Гильдейский дом лежал за садами богадельни, и народ шел туда через ту их часть, где росли целебные травы, потому что ими славился сад. Фру Груа ввела в употребление в Норвегии растения, каких здесь никто раньше не знал; и, кроме того, все растения, обычно произрастающие в садах, росли гораздо лучше в ее цветниках и огородах, – как цветы, так и овощи и лекарственные травы. Она была ученейшей женщиной по этой части и сама перевела на норвежский язык салернские книги о целебных травах. Фру Груа особенно благоволила к Кристин, заметив, что девушка немного знакома с наукой о травах и не прочь была бы еще поучиться этому искусству.
Кристин называла Эрленду травы, росшие на грядках по обеим сторонам зеленой тропинки, по которой они шли. Под лучами полуденного солнца жарко и пряно пахли укроп и сельдерей, лук и розы, амбра и желтофиоль.

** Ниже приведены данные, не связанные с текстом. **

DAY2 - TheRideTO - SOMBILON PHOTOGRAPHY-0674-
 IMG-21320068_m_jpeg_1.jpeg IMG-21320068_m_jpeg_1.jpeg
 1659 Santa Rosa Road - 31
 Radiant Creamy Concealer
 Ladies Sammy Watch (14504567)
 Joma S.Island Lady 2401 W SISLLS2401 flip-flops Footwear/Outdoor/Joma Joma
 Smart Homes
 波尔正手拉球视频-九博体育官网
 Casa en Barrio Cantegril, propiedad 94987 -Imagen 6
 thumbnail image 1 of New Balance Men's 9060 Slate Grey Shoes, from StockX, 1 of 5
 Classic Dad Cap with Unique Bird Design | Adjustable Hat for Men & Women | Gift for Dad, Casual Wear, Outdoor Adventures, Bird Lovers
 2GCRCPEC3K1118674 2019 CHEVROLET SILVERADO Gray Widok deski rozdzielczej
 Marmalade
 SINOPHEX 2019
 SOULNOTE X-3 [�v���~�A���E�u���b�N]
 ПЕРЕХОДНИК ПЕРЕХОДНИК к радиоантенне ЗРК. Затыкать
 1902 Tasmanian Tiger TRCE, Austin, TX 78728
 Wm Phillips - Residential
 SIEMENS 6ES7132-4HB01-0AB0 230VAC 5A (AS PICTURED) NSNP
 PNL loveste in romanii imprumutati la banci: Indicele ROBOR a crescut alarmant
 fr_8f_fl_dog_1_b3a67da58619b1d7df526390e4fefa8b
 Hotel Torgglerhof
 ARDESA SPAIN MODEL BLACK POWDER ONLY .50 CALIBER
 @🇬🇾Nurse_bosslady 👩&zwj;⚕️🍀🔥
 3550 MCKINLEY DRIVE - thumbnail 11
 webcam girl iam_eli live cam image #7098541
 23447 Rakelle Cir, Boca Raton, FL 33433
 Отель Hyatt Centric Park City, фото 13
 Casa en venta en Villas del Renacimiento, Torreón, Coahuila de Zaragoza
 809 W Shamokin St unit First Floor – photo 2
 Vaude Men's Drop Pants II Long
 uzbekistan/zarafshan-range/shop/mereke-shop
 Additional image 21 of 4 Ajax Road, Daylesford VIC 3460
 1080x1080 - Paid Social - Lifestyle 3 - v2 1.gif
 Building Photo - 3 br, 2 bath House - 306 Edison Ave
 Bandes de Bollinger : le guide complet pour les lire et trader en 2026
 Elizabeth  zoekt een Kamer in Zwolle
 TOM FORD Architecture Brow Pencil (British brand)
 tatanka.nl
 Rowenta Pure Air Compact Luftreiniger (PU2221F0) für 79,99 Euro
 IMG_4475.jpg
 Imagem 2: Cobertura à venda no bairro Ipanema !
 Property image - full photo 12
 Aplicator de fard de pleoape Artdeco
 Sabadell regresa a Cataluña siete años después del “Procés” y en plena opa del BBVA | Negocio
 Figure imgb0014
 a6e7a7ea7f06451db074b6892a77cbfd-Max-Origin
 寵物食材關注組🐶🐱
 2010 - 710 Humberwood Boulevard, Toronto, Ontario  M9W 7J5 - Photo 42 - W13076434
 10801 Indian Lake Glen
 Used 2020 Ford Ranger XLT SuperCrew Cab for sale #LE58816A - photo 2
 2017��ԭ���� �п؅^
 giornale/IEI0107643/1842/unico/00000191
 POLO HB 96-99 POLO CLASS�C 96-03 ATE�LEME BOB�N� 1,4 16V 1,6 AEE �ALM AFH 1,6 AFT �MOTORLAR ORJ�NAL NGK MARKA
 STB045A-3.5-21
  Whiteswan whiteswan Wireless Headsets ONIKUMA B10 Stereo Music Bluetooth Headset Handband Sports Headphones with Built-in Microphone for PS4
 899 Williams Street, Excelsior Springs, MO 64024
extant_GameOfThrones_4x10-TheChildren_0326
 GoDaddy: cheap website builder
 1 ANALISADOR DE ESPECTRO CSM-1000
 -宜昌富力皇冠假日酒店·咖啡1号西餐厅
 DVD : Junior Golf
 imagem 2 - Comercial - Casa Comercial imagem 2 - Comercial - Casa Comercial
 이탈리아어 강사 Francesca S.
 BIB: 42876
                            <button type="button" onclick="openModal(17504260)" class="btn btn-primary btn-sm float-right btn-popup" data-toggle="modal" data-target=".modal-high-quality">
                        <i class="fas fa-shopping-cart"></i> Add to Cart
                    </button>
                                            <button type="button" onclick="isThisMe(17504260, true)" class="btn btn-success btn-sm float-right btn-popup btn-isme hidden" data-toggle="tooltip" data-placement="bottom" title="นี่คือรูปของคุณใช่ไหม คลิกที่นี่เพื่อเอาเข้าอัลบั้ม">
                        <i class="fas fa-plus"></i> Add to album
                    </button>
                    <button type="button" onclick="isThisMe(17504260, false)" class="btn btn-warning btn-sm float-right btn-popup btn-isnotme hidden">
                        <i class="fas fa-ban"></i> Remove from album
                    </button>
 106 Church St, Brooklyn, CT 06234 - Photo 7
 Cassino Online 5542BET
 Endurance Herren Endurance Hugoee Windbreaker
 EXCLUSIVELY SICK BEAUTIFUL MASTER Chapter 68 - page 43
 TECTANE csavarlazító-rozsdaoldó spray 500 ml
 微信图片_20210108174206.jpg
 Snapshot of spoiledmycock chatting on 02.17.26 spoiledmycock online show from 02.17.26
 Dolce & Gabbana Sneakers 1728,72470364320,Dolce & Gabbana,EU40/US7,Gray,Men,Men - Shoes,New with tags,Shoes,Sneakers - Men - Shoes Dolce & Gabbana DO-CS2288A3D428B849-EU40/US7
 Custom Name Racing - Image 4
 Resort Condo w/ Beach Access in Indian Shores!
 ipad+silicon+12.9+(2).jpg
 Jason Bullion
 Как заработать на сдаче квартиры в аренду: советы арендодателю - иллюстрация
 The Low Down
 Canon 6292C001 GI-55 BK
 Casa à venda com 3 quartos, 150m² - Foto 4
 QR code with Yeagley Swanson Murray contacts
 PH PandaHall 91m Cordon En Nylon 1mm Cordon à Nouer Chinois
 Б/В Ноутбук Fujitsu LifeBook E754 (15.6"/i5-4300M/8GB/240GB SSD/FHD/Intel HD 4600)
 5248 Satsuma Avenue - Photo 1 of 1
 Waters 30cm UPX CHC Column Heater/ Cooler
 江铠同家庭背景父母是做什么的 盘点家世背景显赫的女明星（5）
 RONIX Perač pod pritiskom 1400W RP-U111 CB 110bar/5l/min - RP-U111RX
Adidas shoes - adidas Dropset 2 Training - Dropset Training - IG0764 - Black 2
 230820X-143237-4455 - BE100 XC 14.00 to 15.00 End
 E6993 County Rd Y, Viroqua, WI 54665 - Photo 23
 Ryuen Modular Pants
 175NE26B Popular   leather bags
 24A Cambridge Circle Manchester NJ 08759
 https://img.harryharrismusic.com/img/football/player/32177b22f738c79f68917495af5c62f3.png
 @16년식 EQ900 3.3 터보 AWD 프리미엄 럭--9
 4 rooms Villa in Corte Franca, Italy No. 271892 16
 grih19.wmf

За лишенным тени и припекаемым солнцем огородом, где росли целебный травы, тянулись ограды с фруктовыми деревьями и, казалось, манили к себе своей прохладой, – красные вишни поблескивали в темной листве, а яблони склоняли ветки под тяжестью зеленых плодов.
За садом шла изгородь из лесного шиповника. На кустах оставалось несколько цветов – они не отличались от цветов обыкновенного шиповника, но листья пахли на солнечном припеке вином и яблоками. Народ, проходя мимо, ломал веточки и прикалывал их к одежде. Кристин тоже сорвала несколько цветов и засунула их около висков под золотой обруч па голове. Один цветок остался у нее в руке. Эрленд взял его немного спустя, ничего не сказав. Некоторое время он нес его в руке, но потом вдел в серебряную застежку на груди – вид у Эрленда при этом был беспокойный и смущенный, и он был так неловок, что исколол себе пальцы в кровь.